By RODRIQUE NGOWI
The Associated Press
Thursday, June 29, 2006; 8:52 PM
NAIROBI, Kenya -- Nurse Carolyne Mujibi went to work in Kenya's largest hospital after her father died there _ from nursing neglect, she believes. Too much work, too little pay and an assault by a frustrated patient chipped away at her desire to try to make a difference in Kenya.
She is preparing to leave to go work in the United States, hoping for greater job satisfaction and more material rewards, and joining a brain drain from the developing world to the West that experts worry is only making it harder for Africa to pull itself out of poverty.
Mujibi has spent the past four months studying in preparation for a U.S. nursing certification exam. She hopes to take advantage of proposed U.S. immigration laws that would allow more visas for nurses _ part of America's latest strategy to deal with a growing shortage of primary health care providers in its hospitals, nursing homes and other health facilities. European nations experiencing similar shortages also are a destination for skilled Africans.
Mujibi is among thousands of overworked, unemployed and underemployed nurses and other health professionals leaving East Africa's largest economy.
"Poverty is one thing that is pushing us out .... I felt if I go out there I could be able to pay for my siblings" to get the best education and realize their ambitions, said Mujibi, who lives in single-room home that has space for only a bed, table, chair, suitcases and a pile of utensils.
"I just want to change life for my family," she said.
"One of the main criticisms about migration ... is sometimes the best and the brightest leave," said Dilip Ratha, a World Bank senior economist and expert on the brain drain phenomenon.
"That has implications on the delivery of critical services, especially in the health sector, it has implication also for the intellectual capital that the country needs for its own development," he said. "If the best and brightest leaves, the country's brain is leaving in some ways ... and they can't take advantage of their own potential."
Still, the migrants are exercising their right to seek better returns for their labor, Ratha said.
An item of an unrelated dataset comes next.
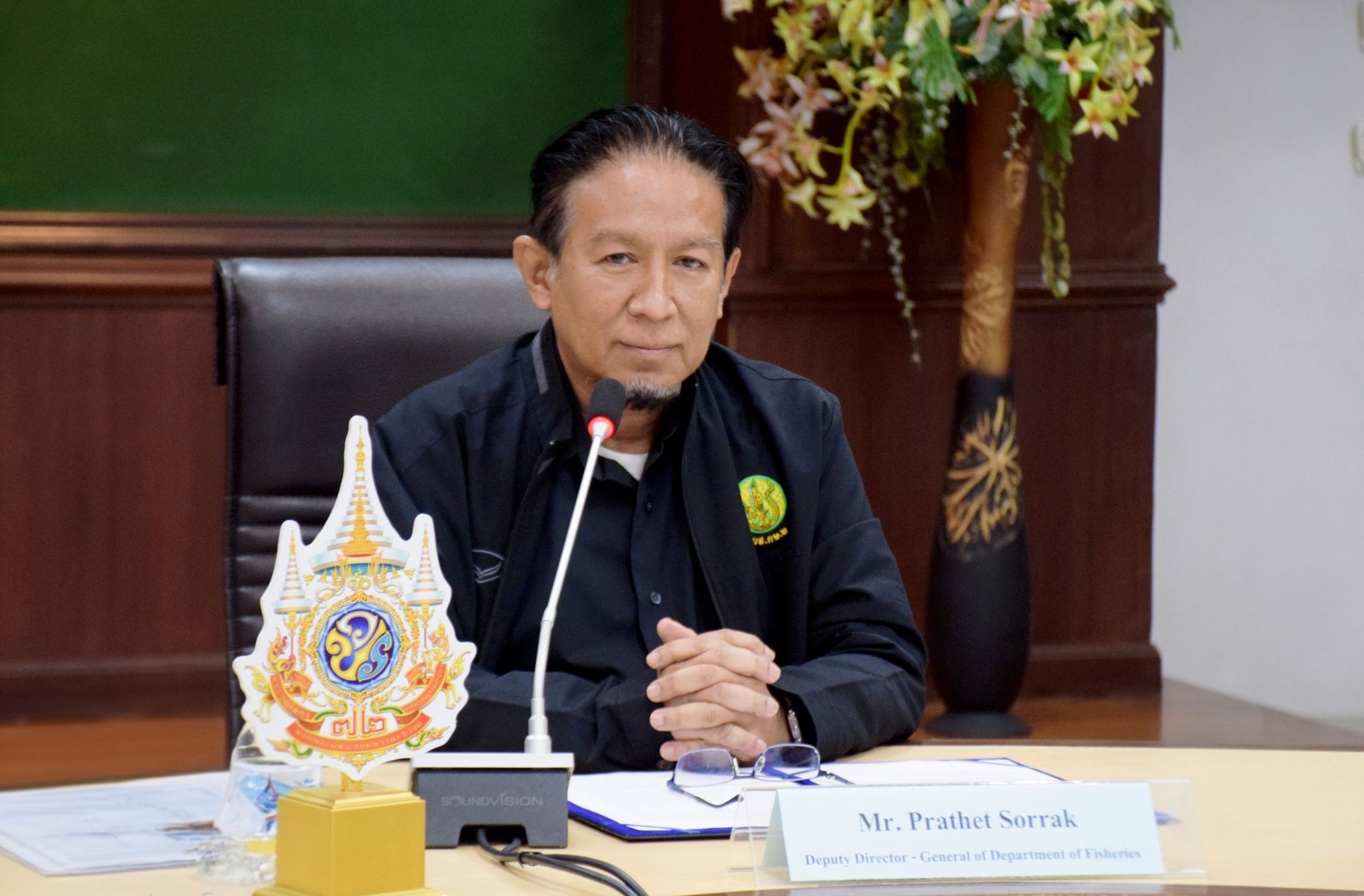 การประชุมหารือกับผู้แทนฝ่ายการ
Mujibi, 28, was inspired after watching a colleague go to work as a nurse in Colorado and save enough money to start building a house for her mother five months after leaving Kenya. That woman had nothing to show for the two years she previously worked in the country, Mujibi said.
Another nursing colleague, who left in 2004, has already built a two-story home for his parents, replacing a mud hut that had neither running water nor electricity, she said, her eyes wide with admiration.
Kenya had 30,000 employed nurses at the beginning of this year, including 16,000 who were on the payroll of the biggest employer, the government. Another 7,000 registered nurses were unemployed, said Frederick Omiah, secretary of the National Nurses Association of Kenya.
"People believe that nursing is a profession for which you can never be out of work because there is always a demand for health care" in Africa, Mujibi said. "But people are not willing to employ because there is no money."
The government needs to double the number of nurses in its hospitals to meet demand in a nation of 34 million beset by HIV/AIDS, malaria, tuberculosis, respiratory and intestinal ailments as well as other diseases, Omiah said.
The health ministry this week announced it will interview to fill 1,630 health care jobs including registered nurses, community health workers and pharmaceutical technologists this year.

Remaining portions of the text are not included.